Saint Paul & Minneapolis Among Leaders for Residents' Well-Being
Of the nation's 52 largest metropolitan areas surveyed in 2009, the Twin Cities Metropolitan area ranked 4th best in the nation in terms of well-being, according to the Gallup-Healthways Well-Being Index. San Jose, Calif., Washington, D.C., and Raleigh, N.C., were 1st, 2nd, and 3rd. San Francisco was 5th. That's a lot of coastal cities, but we know that one reason the Twin Cities are great is because we experience all of the seasons here in full force without the earthquakes or the hurricanes.

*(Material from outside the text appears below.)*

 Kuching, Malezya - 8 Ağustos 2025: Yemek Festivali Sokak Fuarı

This Gallup-Healthways Well-Being Index defines large cities as those with a population size of 1 million or greater. Interviews were conducted with more than 353,000 Americans during 2009, asking individuals to assess their jobs, finances, physical health, emotional state of mind and communities. Technically, the poll combined the cities of Minneapolis, St. Paul, and Bloomington to determine its results, but the standard of living in the Twin Cities is relatively the same throughout the metro. Of the six sub-indexes that comprise the Gallup-Healthways Well-Being Index, San Jose and the Twin Cities had the highest scores on two indexes each in 2009: Emotional Health and Basic Access in Minneapolis-St. Paul and Physical Health and Healthy Behaviors in San Jose.

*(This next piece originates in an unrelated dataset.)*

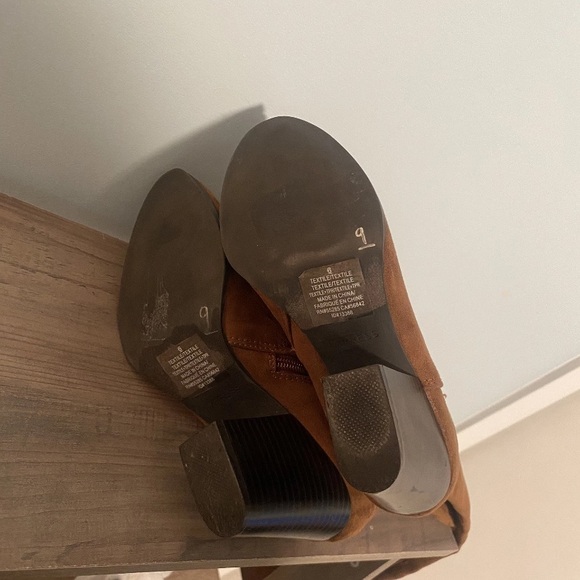 Express Camel Brown Suede Tall Western Style High Riding Boots sz 6 Classic - Picture 7 of 7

In a larger Gallup-Healthways Well-Being Index poll that expands the 52 metropolitan areas to include a total of 162 large and medium-sized cities, locations shift a little bit but the Twin Cities are still relatively high on the list. Boulder, CO, Holland-Grand Haven, MI, Honolulu, HI, Provo-Orem, UT, and Santa Rosa-Petaluma, CA, made up the top 5. The Minneapolis-St. Paul-Bloomington areas appeared on the list at 16th. We're still included in the top 10% of 162 for well-being, even when the competition has been expanded to include a tropical island with universal health care.